═════ Source material

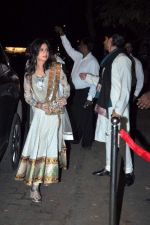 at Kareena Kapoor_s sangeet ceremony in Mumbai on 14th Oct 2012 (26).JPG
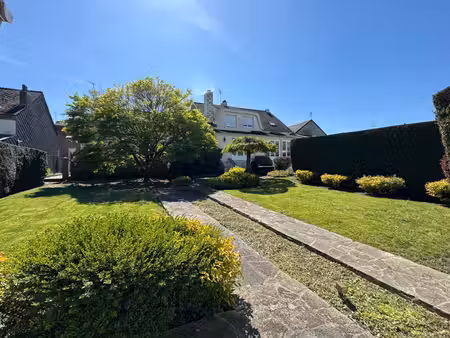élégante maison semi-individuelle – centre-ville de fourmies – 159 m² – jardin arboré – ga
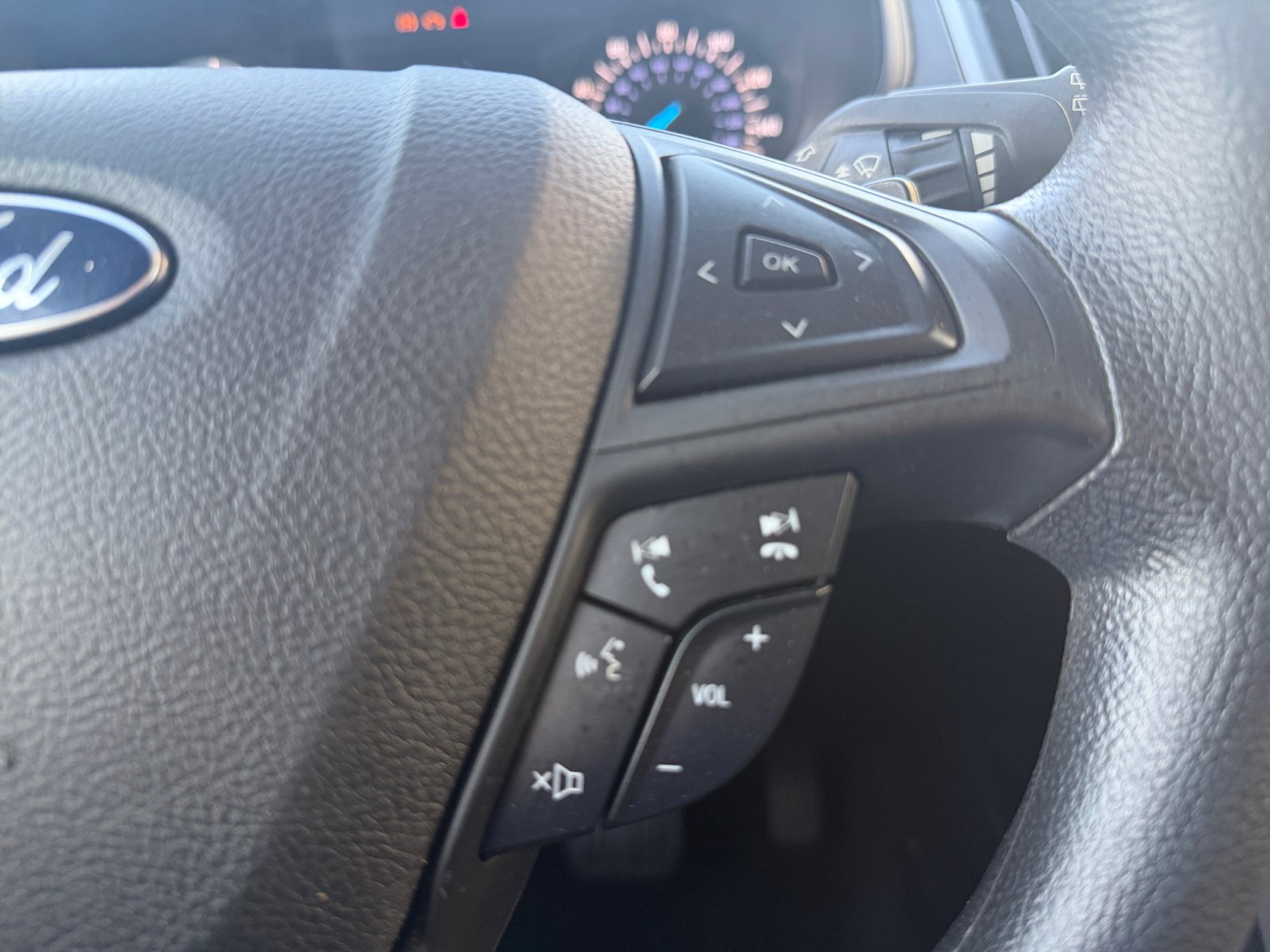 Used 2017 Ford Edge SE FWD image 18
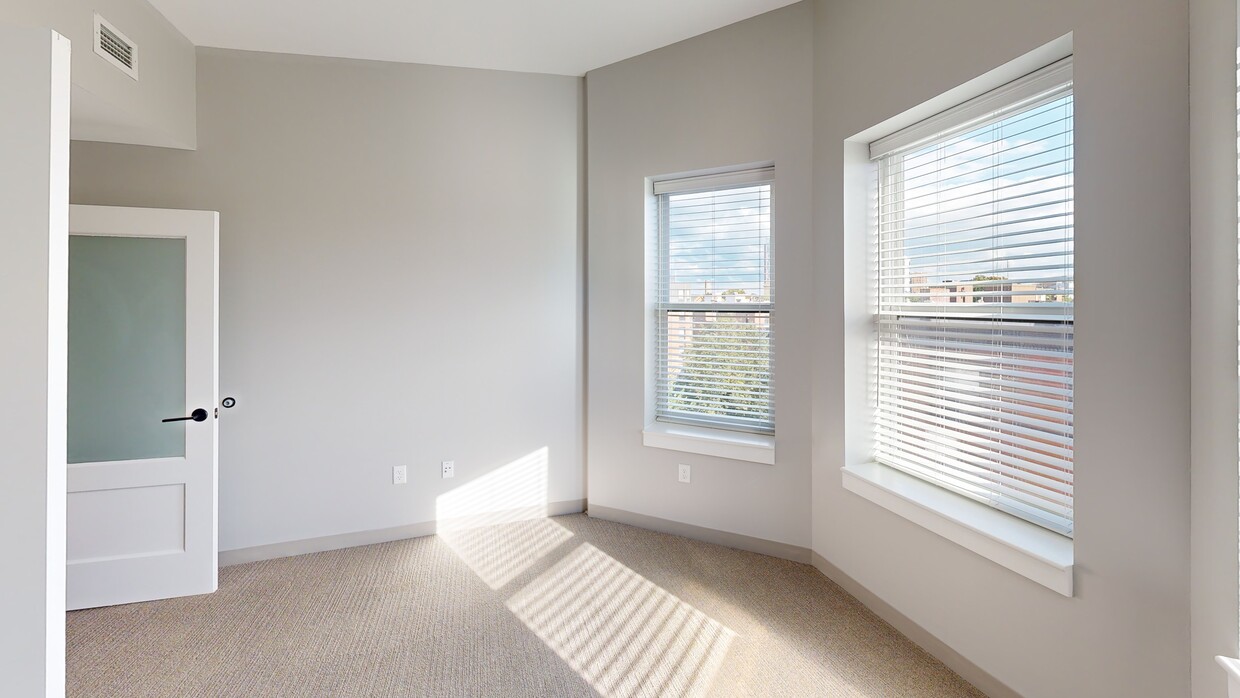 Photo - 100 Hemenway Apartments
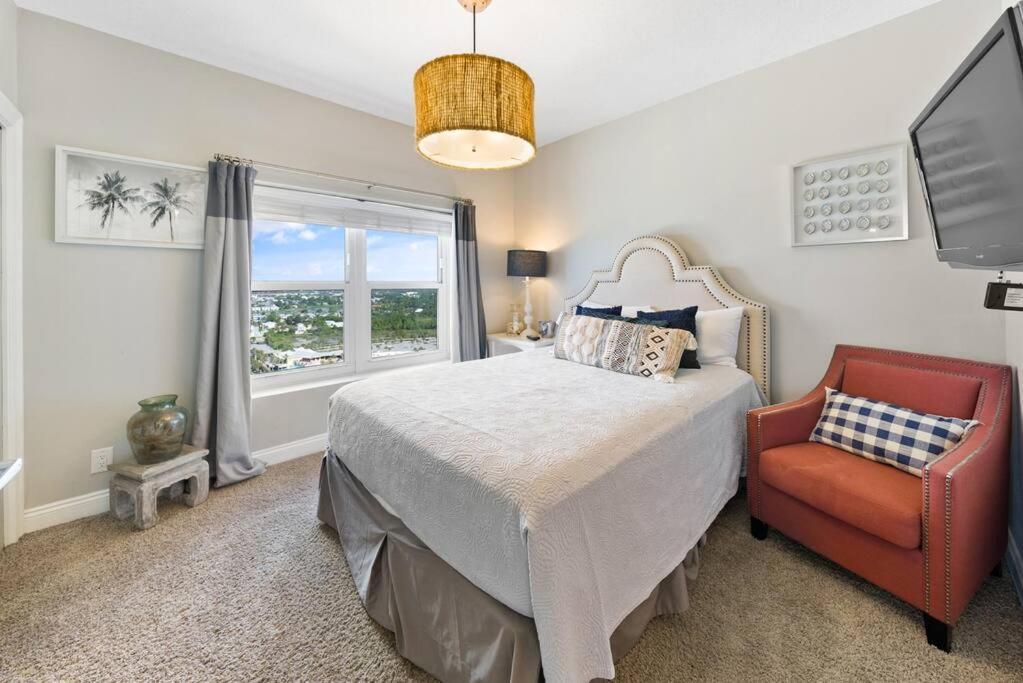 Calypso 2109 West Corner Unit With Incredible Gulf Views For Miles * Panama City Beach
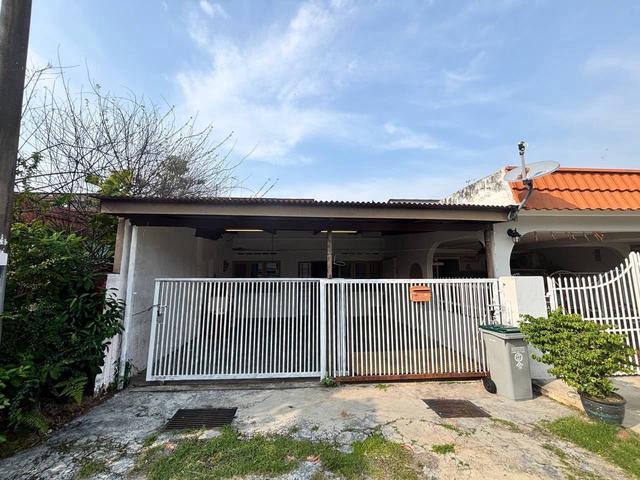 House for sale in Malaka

══════════

Activity:
Where the data contains images, drop them and print the rest exactly.

Written response:
 at Kareena Kapoor_s sangeet ceremony in Mumbai on 14th Oct 2012 (26).JPG
élégante maison semi-individuelle – centre-ville de fourmies – 159 m² – jardin arboré – ga
 Used 2017 Ford Edge SE FWD image 18
 Photo - 100 Hemenway Apartments
 Calypso 2109 West Corner Unit With Incredible Gulf Views For Miles * Panama City Beach
 House for sale in Malaka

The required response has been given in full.